In an era when outdoor play has lost much of its value, simply due to lack of time, space and resources for many modern families, Suncoast Christian College has found a way to regularly provide hours of outdoor learning experiences for their little learners through their popular bush kindy.
“Our bush kindy program started over eight years ago with our children interested in exploring nature,” explained Krystle Cullen, Little Learners Director. “It was the children’s drive and passion that led the team to consider alternate options for our Little Learners to nurture their desire to explore. From there, the program continued to grow in popularity and became a solid addition to the kindy program.”
With the College having a section of remnant rainforest on campus, providing a bush kindy program was an easy addition to the early learning curriculum.

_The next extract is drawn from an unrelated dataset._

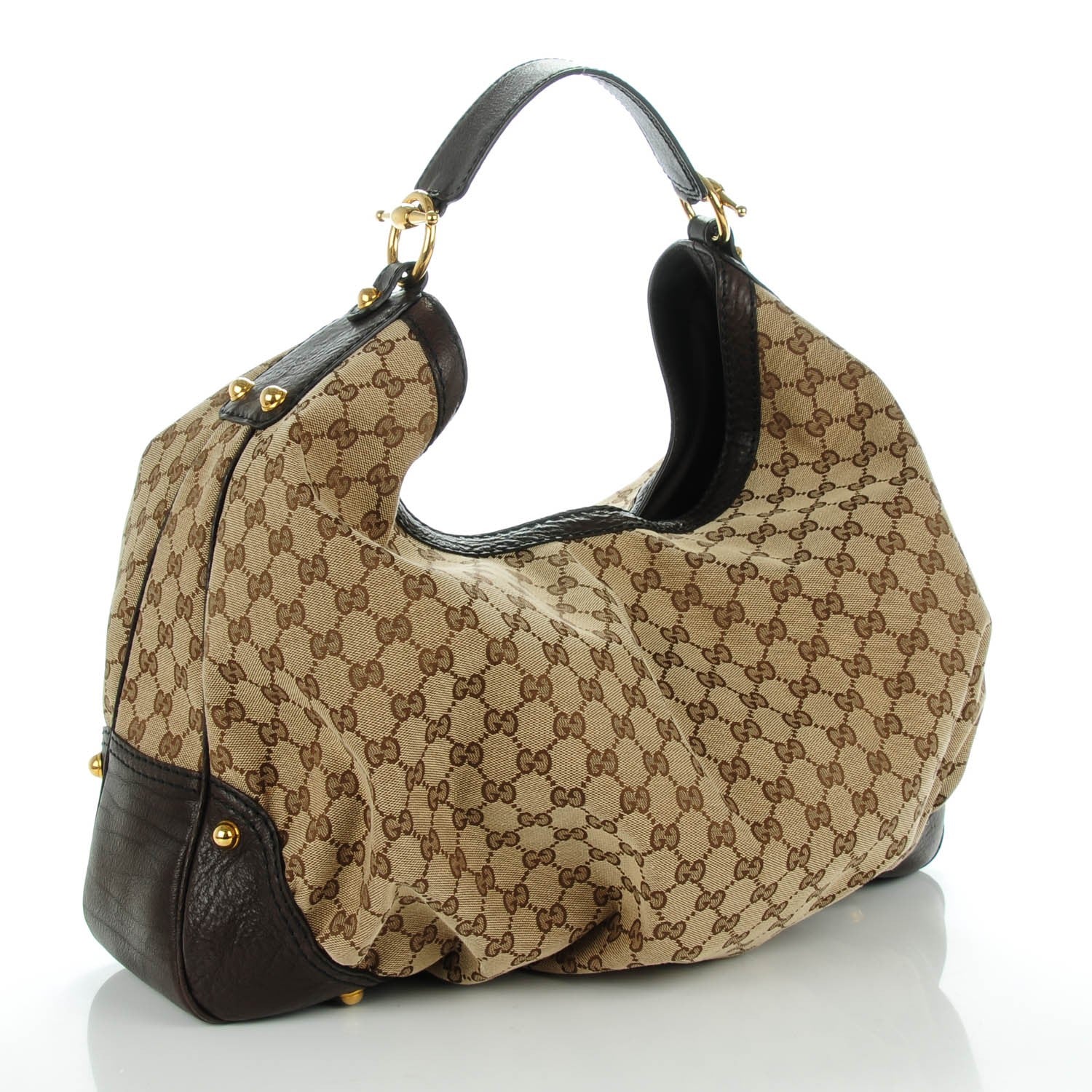 Gucci Monogram Large Jockey Hobo Dark Brown 3 of 7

“We are extremely lucky to be set within the Suncoast Christian College grounds, allowing us access to all areas. Behind our service, we have large bushland with mature trees, a creek bed and plenty of space to explore and gather, right at our fingertips.”
Similar to the innovative European Forest Schools, Little Learners bush kindy provides kids with the opportunity to play in the rain, climb trees, balance on fallen logs, get involved in dramatic play, find insects, draw with sticks in the ground and spend hours exploring in nature.
“They can have adventures and collect goodies from the forest for bush craft. There are opportunities to learn about the environment, bush safety and how to engage in nature play,” said Krystle.
Why is nature play so important?
Educators at Little Learners have always been strong advocates of nature play, believing that is it fundamental for every child.
“For children, play is learning,” Krystle said. “Nature play significantly improves all aspects of child development: physical, cognitive, social and emotional. Playing outdoors grows resilience, self-confidence, initiative, creativity and more. It encourages the joy of movement; it nurtures wild imaginations, experimentation, friendships, social connections and behaviour. It fosters confidence, self esteem and independence through outdoor play and exploration.”
The bush kindy program is an experience that wholly supports Little Learners’ philosophy.
“We acknowledge that children are full of curiosity about themselves, their environment and the world they live in. We advocate for children to question and reflect on their own ideas, as well as those around them; to take risks where they become, in a sense, the catalyst of their own curriculum,” Krystle continued. “By allowing the children to ‘be children’, they explore and learn about their world and themselves through play, which is intentionally organised to promote further thinking and analysis.”
“We believe childhood is precious and that an important part of childhood is being outside in nature. We know that children need more time outside in nature, which is a concept supported by research. That’s why we pioneered the concept of Bush Kindy.”
What happens on a usual bush kindy day?
The bush kindy program runs twice a week with the children safely escorted by the educators to the on-site forest. As the Sunshine Coast can get quite warm, it is usually run only in the cooler months.
Educators at Suncoast Little Learners try not to have a scheduled routine on bush kindy days, but rather let the children explore freely, allowing the children to immerse themselves in the environment.
“Children are natural learners, so this program provides children with the time, an ideal environment for them to learn in and two or three hours of uninterrupted play in the bush, using what nature has provided as learning materials,” said Krystle.
“We offer a variety of experiences that incorporate various elements of risk. It’s hard to pinpoint a favourite activity, although we do find many children gravitate towards our vine swing, mud play and the teepee that everyone helped to build,” Krystle continued.
“Stories are told, songs are sung, knowledge is shared. Through play, your children will connect with and respect this space. They will connect with their land in a way that cannot be done under a roof or within walls.”
The bush kindy is now one of Suncoast Little Learners’ most popular programs. “We find that our Bush Kindy days are our most popular, with many families on the waitlist with children eager to experience the adventure.”
“I believe our program has been successful in many ways as it not only allows the children freedom and unscheduled play but creates and provides a space for them to negotiate, analyse, run, create, dream, and get dirty,” says Krystle. “We measure our success on our Bush Kindy’s popularity as there is never a child that doesn’t want to go, and they are always asking to stay longer!”